• **Problem requirements**
Starting at the top of the entries below, print each line exactly until the line with "Una foresta con le montagne sullo sfondo" has been printed too.

(Source records)
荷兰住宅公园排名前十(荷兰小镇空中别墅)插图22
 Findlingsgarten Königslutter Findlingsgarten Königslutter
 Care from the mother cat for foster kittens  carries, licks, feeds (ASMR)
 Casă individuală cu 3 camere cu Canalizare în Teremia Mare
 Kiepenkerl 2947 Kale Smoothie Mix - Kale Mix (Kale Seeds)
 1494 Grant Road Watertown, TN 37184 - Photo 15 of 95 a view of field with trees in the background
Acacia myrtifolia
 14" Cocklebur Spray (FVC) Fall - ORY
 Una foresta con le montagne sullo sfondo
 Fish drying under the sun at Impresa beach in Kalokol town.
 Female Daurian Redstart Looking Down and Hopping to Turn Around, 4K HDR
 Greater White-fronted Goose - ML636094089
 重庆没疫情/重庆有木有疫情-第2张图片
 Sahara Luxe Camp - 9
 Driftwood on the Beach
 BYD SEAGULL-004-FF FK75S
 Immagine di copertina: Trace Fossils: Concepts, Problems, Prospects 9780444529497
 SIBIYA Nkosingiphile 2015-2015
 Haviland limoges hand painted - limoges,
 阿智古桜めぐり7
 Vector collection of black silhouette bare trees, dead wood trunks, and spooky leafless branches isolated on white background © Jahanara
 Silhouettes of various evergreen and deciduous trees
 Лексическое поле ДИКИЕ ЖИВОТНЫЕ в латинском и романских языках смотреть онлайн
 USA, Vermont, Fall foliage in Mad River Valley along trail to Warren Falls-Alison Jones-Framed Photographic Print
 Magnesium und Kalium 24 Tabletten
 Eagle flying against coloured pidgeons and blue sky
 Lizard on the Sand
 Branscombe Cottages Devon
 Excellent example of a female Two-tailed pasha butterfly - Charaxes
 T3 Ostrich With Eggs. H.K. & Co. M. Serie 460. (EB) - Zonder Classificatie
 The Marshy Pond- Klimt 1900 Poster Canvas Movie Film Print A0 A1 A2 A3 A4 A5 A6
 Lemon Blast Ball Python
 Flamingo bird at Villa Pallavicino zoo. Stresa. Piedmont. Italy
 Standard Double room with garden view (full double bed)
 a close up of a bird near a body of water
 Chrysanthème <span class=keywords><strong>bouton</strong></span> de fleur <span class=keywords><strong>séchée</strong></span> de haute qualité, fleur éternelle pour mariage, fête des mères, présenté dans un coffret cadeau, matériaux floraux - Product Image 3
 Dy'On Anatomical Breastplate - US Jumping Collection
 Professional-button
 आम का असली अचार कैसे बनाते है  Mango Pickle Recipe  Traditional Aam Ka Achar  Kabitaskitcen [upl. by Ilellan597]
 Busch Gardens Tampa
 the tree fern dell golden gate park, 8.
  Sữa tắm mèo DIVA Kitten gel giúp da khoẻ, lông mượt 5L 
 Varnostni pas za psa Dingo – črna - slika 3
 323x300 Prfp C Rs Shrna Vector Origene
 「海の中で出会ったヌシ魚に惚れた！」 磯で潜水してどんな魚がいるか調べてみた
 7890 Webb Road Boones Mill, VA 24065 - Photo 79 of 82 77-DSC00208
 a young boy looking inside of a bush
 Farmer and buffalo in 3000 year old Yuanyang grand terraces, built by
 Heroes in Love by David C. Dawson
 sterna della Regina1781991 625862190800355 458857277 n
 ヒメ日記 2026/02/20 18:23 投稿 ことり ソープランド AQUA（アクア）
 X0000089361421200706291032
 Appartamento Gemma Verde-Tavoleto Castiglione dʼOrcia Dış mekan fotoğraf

• **Response for this exercise**
荷兰住宅公园排名前十(荷兰小镇空中别墅)插图22
 Findlingsgarten Königslutter Findlingsgarten Königslutter
 Care from the mother cat for foster kittens  carries, licks, feeds (ASMR)
 Casă individuală cu 3 camere cu Canalizare în Teremia Mare
 Kiepenkerl 2947 Kale Smoothie Mix - Kale Mix (Kale Seeds)
 1494 Grant Road Watertown, TN 37184 - Photo 15 of 95 a view of field with trees in the background
Acacia myrtifolia
 14" Cocklebur Spray (FVC) Fall - ORY
 Una foresta con le montagne sullo sfondo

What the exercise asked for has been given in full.